HELENA — On the door of the Mountain Sage Gallery in downtown Helena, there’s a sign with the blue and yellow flag of Ukraine. It’s there encouraging visitors to support Svitlana Prouty – a Ukrainian artist now living in Helena and working at the gallery – in her work to help her native country.
Prouty is from the city of Poltava, in central Ukraine, and she came to Montana about four years ago.
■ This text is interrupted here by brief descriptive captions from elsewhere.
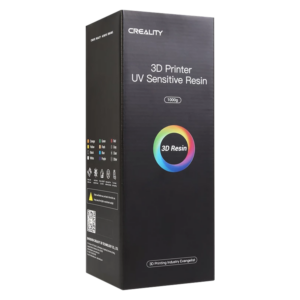 Creality Dental Lcd Resina 1kg Yeso Para Impresora 3d - Verde Transparente - Imagen 2
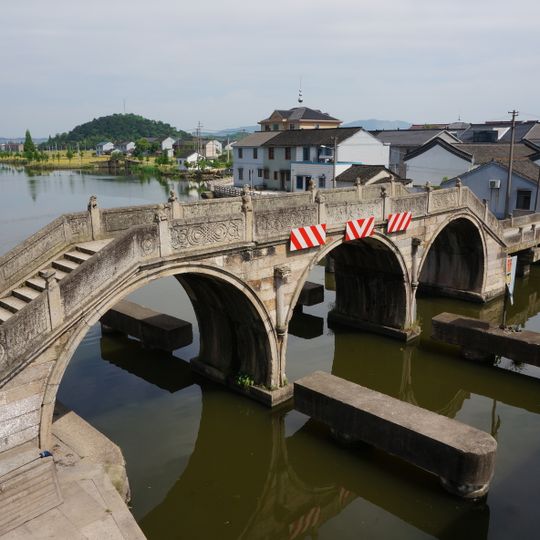Jingkou Great Bridge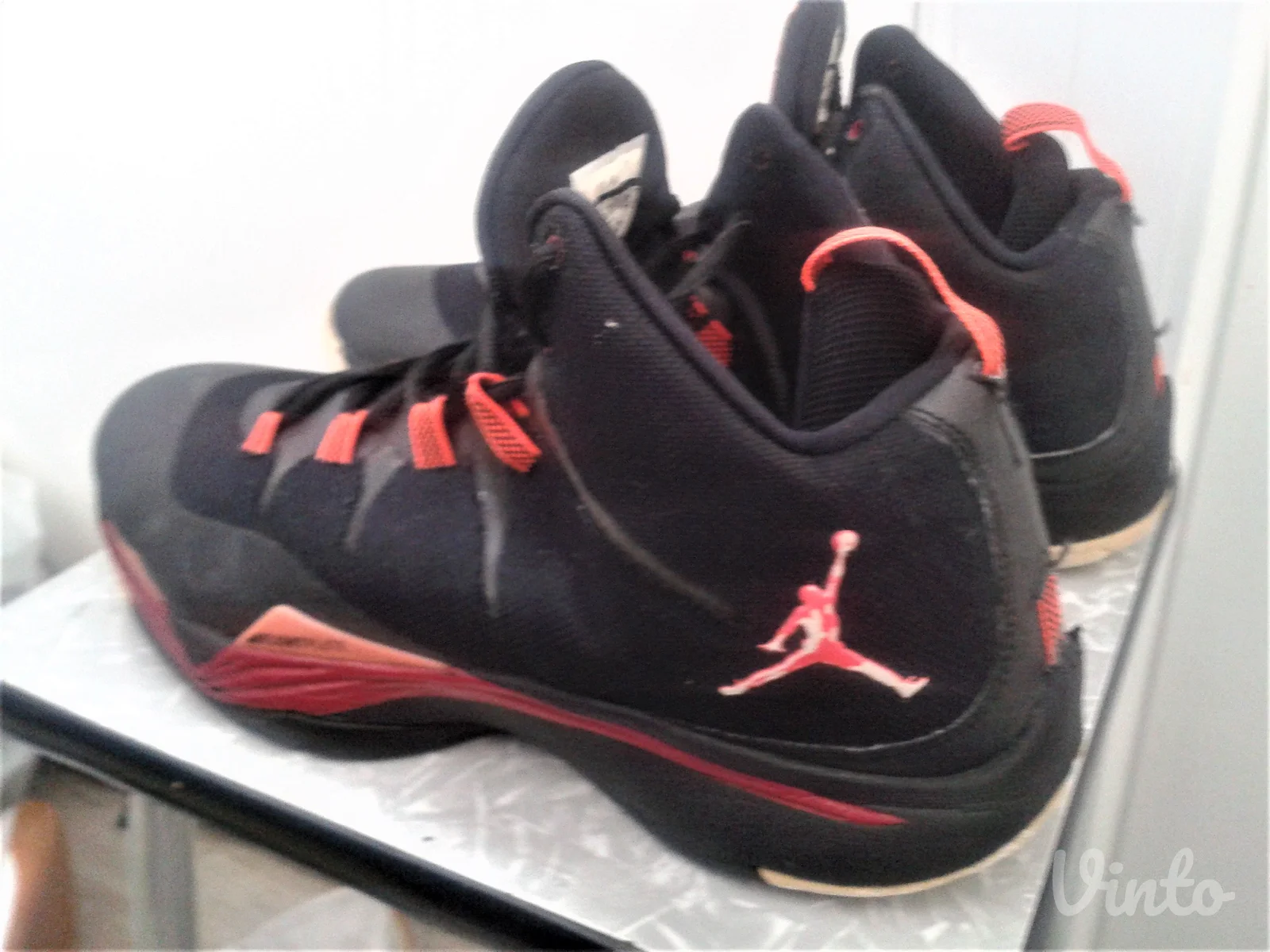 Nike Air Jordan Super. Fly 2 basketball original patika 44.5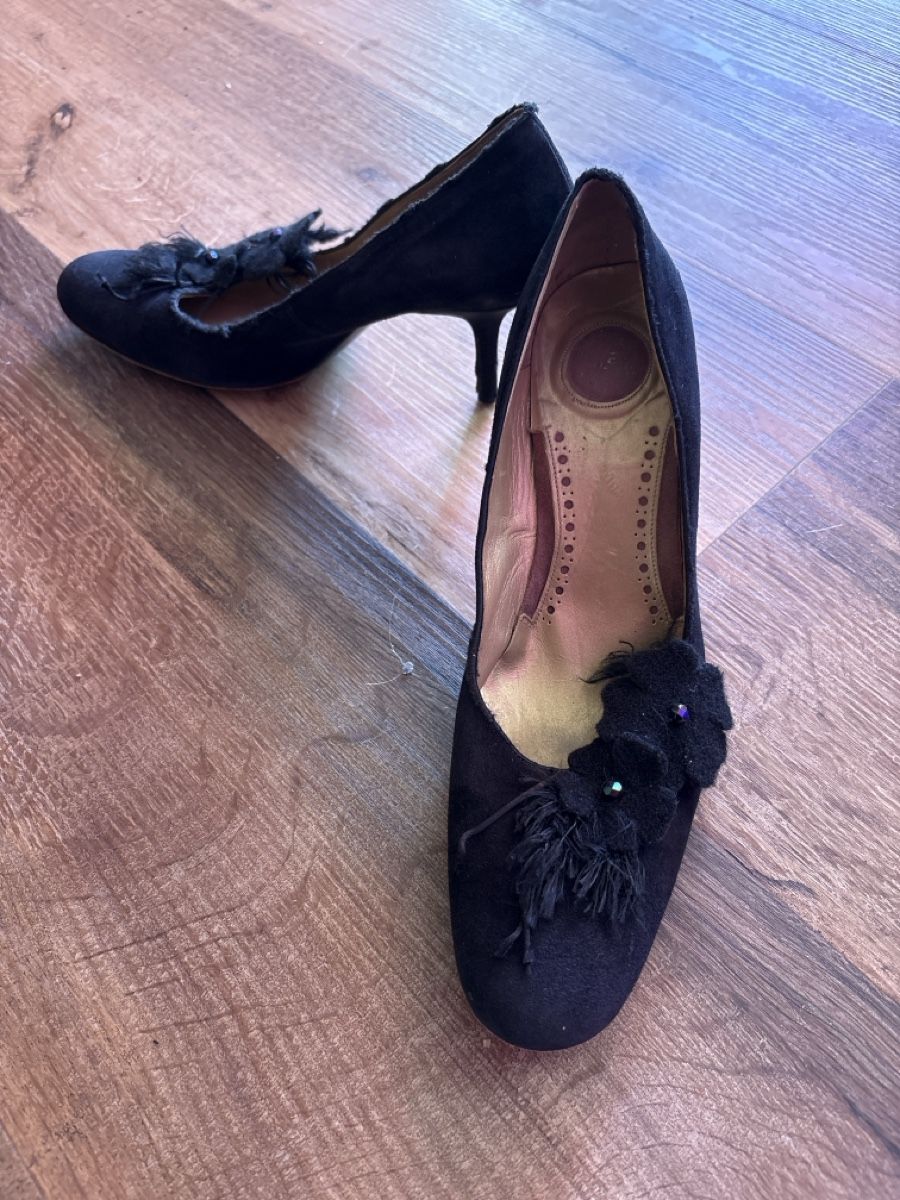 Scarpe da donna: Blay Vintage Pumps Y2K – Usato da Bern venduto da LoveVintageY2K 6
She was visiting the country in early February, as tensions with Russia were on the rise.
“Many of my friends from the U.S. sent me a lot of texts and messages begging me to come back, but honestly, we didn’t realize that it could happen,” she said.
Russian troops began their invasion of Ukraine on the morning of Feb. 24 — the evening of Feb. 23 in the U.S. Prouty says a friend sent her a video showing military strikes in the capital of Kyiv.
“It was just shocking,” she said. “Even at first, I was thinking, ‘No, this is not true, it’s not possible.’”
The next day, Prouty says she was emotionally overwhelmed, and she recorded a short video for her Facebook page, sharing her feelings on the situation.
“I was so lost, I didn’t know what to do, I felt completely helpless,” she said. “You’re so far from your home and you cannot do nothing.”
It was while shooting that video that she came up with an idea on how she could help: sell some of her art and send the proceeds to Ukraine.
She’s currently selling paintings, prints, necklaces, earrings and scarves at the Mountain Sage Gallery and on her website with 80% of those sales going to Ukraine.
Prouty has already made a number of sales. On Wednesday, she had a table full of items she was packing to send out. She says she’s grateful for all the support she’s gotten from people in Helena.
“I would not say that I was surprised – I was amazed how people responded, how people react,” she said. “Sometimes, some people just show empathy and just sometimes hug me. Some people just cry with me – and of course, people buying my art, which is helping me to do what I’m doing.”
She’s already sent more than $4,000 to a volunteer organization in Poltava. She says they’ve used the money to buy gas to evacuate civilians from the eastern city of Kharkiv — one of the areas of the heaviest fighting — and to deliver food to villages that have been cut off from supplies.
Prouty says she’s tried to personally thank everyone who’s supported her during this time, but there have been too many to get to all of them, "if you help me and you hear me – even if you pray for me, pray for my country – thank you for this."
You can view Prouty's art at the Mountain Sage Gallery, at 433 North Last Chance Gulch in Helena.